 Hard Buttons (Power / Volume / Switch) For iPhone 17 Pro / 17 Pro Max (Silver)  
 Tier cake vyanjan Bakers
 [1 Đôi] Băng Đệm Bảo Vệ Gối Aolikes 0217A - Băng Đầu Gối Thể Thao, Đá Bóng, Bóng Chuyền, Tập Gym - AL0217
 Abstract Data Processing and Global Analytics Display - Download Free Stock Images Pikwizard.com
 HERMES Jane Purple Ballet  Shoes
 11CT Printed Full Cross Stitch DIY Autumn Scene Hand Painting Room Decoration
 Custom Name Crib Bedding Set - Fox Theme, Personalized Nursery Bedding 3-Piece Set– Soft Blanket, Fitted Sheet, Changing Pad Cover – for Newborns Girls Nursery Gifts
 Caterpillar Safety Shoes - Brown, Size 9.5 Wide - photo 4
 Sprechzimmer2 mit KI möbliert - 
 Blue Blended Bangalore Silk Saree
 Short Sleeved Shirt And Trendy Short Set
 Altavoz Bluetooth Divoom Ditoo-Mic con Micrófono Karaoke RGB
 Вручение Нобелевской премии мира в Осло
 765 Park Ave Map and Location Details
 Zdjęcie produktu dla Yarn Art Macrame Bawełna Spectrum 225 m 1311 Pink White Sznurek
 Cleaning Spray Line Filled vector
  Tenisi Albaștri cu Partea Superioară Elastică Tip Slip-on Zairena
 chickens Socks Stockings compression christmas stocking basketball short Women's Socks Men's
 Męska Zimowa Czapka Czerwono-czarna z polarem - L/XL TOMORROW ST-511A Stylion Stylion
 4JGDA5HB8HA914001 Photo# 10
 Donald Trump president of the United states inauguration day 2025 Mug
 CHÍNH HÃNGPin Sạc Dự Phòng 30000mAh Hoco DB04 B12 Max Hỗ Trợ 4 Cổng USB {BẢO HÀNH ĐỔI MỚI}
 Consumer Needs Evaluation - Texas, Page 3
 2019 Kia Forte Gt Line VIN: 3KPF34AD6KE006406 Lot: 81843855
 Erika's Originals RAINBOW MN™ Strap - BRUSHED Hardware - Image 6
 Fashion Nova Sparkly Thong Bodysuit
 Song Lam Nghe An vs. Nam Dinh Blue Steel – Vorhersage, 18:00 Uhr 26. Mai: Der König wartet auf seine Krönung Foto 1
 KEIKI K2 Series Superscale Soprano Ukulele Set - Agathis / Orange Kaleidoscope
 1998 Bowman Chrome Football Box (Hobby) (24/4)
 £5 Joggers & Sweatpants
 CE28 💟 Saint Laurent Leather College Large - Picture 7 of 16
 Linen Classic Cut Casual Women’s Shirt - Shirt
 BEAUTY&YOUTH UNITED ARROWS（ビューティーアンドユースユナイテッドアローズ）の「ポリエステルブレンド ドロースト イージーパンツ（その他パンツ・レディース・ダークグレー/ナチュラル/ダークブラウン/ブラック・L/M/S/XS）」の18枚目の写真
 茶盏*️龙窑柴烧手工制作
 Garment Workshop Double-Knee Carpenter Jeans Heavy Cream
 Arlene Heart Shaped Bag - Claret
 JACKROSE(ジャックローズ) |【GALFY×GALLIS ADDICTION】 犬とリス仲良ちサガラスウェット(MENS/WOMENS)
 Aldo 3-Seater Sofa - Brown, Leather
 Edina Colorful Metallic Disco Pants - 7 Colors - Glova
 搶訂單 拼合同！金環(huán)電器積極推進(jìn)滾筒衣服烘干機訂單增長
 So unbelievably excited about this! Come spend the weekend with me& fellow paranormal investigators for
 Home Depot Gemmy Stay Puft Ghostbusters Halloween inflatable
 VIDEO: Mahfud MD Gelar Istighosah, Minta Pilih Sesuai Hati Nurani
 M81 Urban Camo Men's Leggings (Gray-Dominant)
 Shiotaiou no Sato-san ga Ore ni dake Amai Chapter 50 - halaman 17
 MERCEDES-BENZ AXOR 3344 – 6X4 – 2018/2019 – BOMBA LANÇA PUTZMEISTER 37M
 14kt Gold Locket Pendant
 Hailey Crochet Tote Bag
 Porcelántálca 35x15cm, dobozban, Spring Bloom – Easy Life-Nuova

● ● ● ● ●

AIM OF THE EXERCISE: Using the data above, print exactly the lines from the line that contains "Sprechzimmer2 mit KI" through the line that contains "Donald Trump president", with both included.

WRITTEN REPLY:
 Sprechzimmer2 mit KI möbliert - 
 Blue Blended Bangalore Silk Saree
 Short Sleeved Shirt And Trendy Short Set
 Altavoz Bluetooth Divoom Ditoo-Mic con Micrófono Karaoke RGB
 Вручение Нобелевской премии мира в Осло
 765 Park Ave Map and Location Details
 Zdjęcie produktu dla Yarn Art Macrame Bawełna Spectrum 225 m 1311 Pink White Sznurek
 Cleaning Spray Line Filled vector
  Tenisi Albaștri cu Partea Superioară Elastică Tip Slip-on Zairena
 chickens Socks Stockings compression christmas stocking basketball short Women's Socks Men's
 Męska Zimowa Czapka Czerwono-czarna z polarem - L/XL TOMORROW ST-511A Stylion Stylion
 4JGDA5HB8HA914001 Photo# 10
 Donald Trump president of the United states inauguration day 2025 Mug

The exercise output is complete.